Oh, and how do you make kale tacos? Do tell.

Oh, and, my family's going for a homemade Christmas this year, so I need to pick your brain for ideas for simple homemade gifts that I a: don't have to spend a lot of $$ on and b. are quick, easy and filled with love. Any ideas?

I love you. Hope things are going well. We need a long catch-up session but I don't know when that'll happen, so for now, just know that you're on my mind all the time...


rosser said...

this is ross from heather and ross,
Heather turned me onto your blog, she has always told me you are a writer, but your writing is something else to accually read! im impressed.

Anyway rarely do i come across opinion pieces in newspapers, radio, or internet, that I feel comfortable with. However Sarah, you've written something deep, something complete.

"I love my country. I love its stories, I love its landscapes, I love some of its ideals, I love so many of its people. We have potential! But we also have genocide, slavery, internment, the dubious legacy of being the only nation to use the atomic bomb against another country. We shut out Jews trying to flee the repression that would become the Holocaust. We have Vietnam, Iran-Contra, inaction during the Rwandan genocide."

You get right to the complexity of being American today, great love and great sadness and embarrassment. Seldom do both feeling show up in one piece of writing, and i think rarely are we honest enough to pursue them.

Barak Obama is an exceptional person, these are exceptional times, like you have written just maybe Americans are exceptional as well.

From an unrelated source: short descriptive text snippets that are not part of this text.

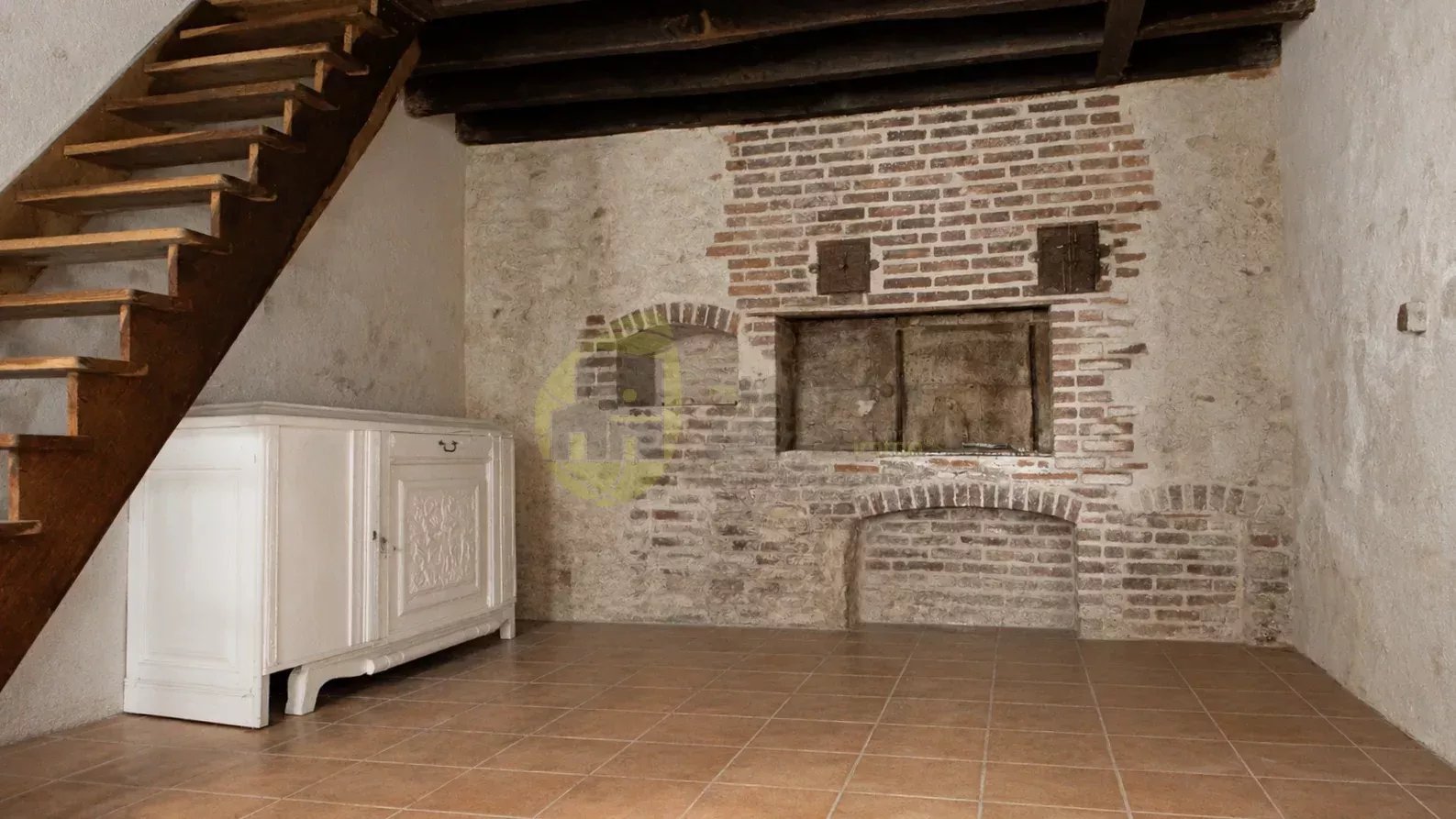 RENOVATED TOWNHOUSE - COUNTRY LIVING - HOUSE WITH GARDEN - HOUSE FOR SALE IN NEUVY SAINT SEPULCHRE - REMOTE WORK - STONE HOUSE - THREE-BEDROOM HOUSE - LARGE LIVING ROOM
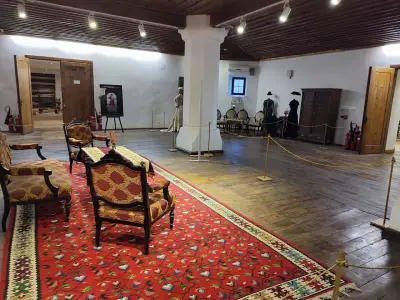 Музей "Кръстата казарма"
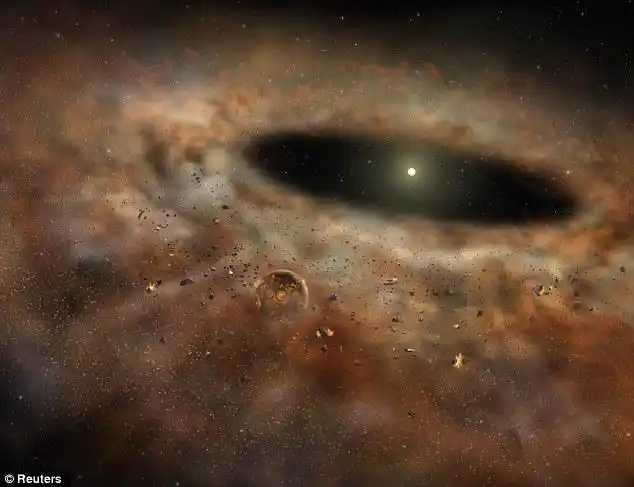 每日邮报报道,近日科学家一直追踪研究的一团巨大宇宙尘埃环消失了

"I am a student of American History.
Which means I am cynical.
And hopeful."

Sharkfin said...

Why does Signed Sealed Delivered I'm Yours remind you of election night? Random! Please fill me in on the connection.

I talked to Andrea yesterday and she told me she was in a bad car accident a while back. Poor girl! Have you seen her lately? Is she doing ok? She sounded pretty upset when I talked to her.

Uggg. I am hating this week and next week and the week after. I am completely swamped with papers and presentations. Are you possibly available to proofread this week? It would be greatly appreciated.

How is Fluffy? I bet she's enjoying the cooler weather...

Kevin said...

afternoon love,
Rainy sunday afternoon in the city that never sleeps. Found myself obsessing about you and decided to read your words that reveal that the corrective lenses prescribed by the media and government funded school books weren’t corrective after all. Obama signs still decorate apartment facades. Albert the psychologist you will have to meet mentioned to me that manhattan was depressed for about eight months, and Obama's victory shifted our environment. hopefully it continues to get better from east to the west.

Seth said...


This is such a beautiful and insightful opinion piece. It encapsulates all of my mixed emotions about the election.

I remember when I was last in Seattle on November 5 (still feeling shell-shocked about Prop 8) I saw the cover of the Stranger, which loudly proclaimed "Yes We Did!" At the time I couldn't quite put my finger on why that headline bothered me so much. It finally hit me a couple weeks later: "Yes We Did" is the progressive movement's version of the "Mission Accomplished" banner on that aircraft carrier in the Persian Gulf. It's a call to complacency.

Naomi Klein is right. If "Yes We Can" means nothing more than casting your vote for one elected official and then feeling smug about it, then it is as meaningless a slogan as "Just Do It."

Hope is a two-edged sword. As Todd has reminded me, it is one of the most acquiescent emotions ("Hope for the Best"). But I believe that hope can also be an act of defiance. When Harvey Milk gave his famous "Hope Speech" on the steps of San Francisco's City Hall in 1978, he was not speaking of a naive hope. His was a hope tempered by the bitterness of defeat and daily oppression.

It is in this sense that I am hopeful. Not because the prognostications look good or because the world is a sunny place. But because cynicism leads to inaction just as surely as self-satisfaction does.